Un kōan est une brève anecdote ou un court échange entre un maître et son disciple, absurde, énigmatique ou paradoxal, ne sollicitant pas la logique ordinaire.
Par exemple :
“Que devient le blanc de la neige quand elle fond au printemps ?”
ou
"L'arbre qui tombe dans la forêt fait-il du bruit si personne ne l'entend ?"
Le kōan bouddhiste zen, souvent mal compris comme une énigme sans réponse, est plus justement vécu comme un chemin vers l'ouverture, et c'est ce chemin que Stephan Micus a parcouru depuis qu'il a enregistré ses sons pour la première fois sur disque.
Cet album marque l'entrée de Stephan Micus dans la constellation ECM. Il propose ainsi cinq parties de rituels caractéristiques. Il est d'une part apaisant, mais propose aussi des morceaux rythmés.
On a d'abord droit à une courte introduction à la flûte japonaise shakuhachi de moins de trois minutes et faisant office de première partie.
La seconde partie, longue de 12 minutes, est calme. Interprétée à la cithare bavaroise accompagné par le gender balinais, le tout survolé par moments par la flûte.
On frôle les 17 minutes dans la troisième partie qui est divisée en deux morceaux rythmiques qui mettent à l'honneur le rebab afghan et le sarangi hindou. Ils sont sublimés d'une part par la flûte, d'autre part par le bodhran irlandais et l'angklung indonésien, ces deux derniers instruments terminant le morceau sur un effet de transe.
Après cette envolée, c'est de manière judicieuse que Stephan Micus nous plonge dans un moment de sérénité. Dans cette quatrième partie il décide ainsi de marier sa voix à un carillon birman.
La cinquième partie clôture cet album avec des instruments à cordes. Guitare et cithare bavaroise sont une fois de plus accompagnés par son instrument de prédilection : la flûte japonaise shakuhachi, qui aura traversé de son esprit tout ce disque, tout comme le vent soufflant dans des roseaux.

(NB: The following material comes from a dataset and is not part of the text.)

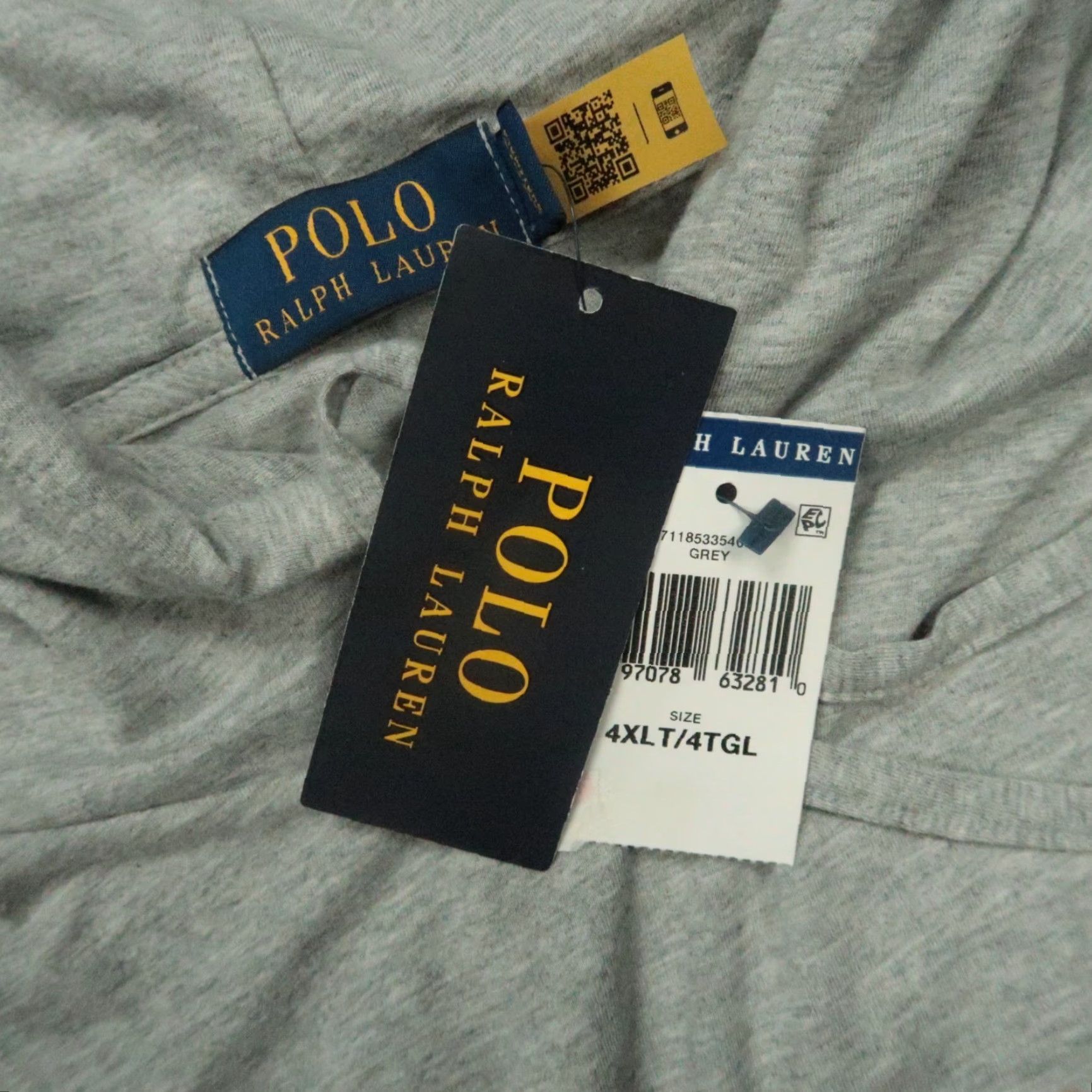 Polo Ralph Lauren Polo Ralph Lauren Hoodie Mens 4XL Tall Gray Christmas Bear Pullover Hooded 4XLT Size US XXL / EU 58 / 5 - 5 Thumbnail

Pour terminer ma critique, voici un exemple de koan et de son interprétation que j'ai trouvé sur le site "Le Champ des Possibles" et qui reflète bien, pour moi, la pensée de ce disque :
Comme Hui Nêng était là, le vent commença à faire claquer l’oriflamme. Deux moines se mirent à discuter là-dessus. L’un remarqua : « Regarde ! l’oriflamme bouge ! » À quoi l’autre rétorqua : « Non ! c’est le vent qui bouge ! »
Ils discutèrent interminablement sans pouvoir toucher au vrai. Brusquement, Hui Nêng mit fin à cette discussion stérile en disant : « Ce n’est pas le vent qui bouge, non plus que l’oriflamme, Honorables Frères, ce sont vos esprits qui bougent ! » Les deux moines restèrent cois.
Cette historiette peut être décrite ainsi : l’opposition entre l’intérieur et l’extérieur est un des thèmes les plus fréquents des koan. Ce koan s’appuie sur cette dualité. Le zen, grâce à ses différents outils (zazen – méditation assise, kufû et kôan) et les arts qui en dérivent proposent de rejeter cette perception intrinsèquement conflictuelle. Ne plus séparer l’intérieur et l’extérieur, le corps et l’esprit, soi et autrui, développer une nouvelle vision de l’être, totalement harmonieuse, tel est l’objectif.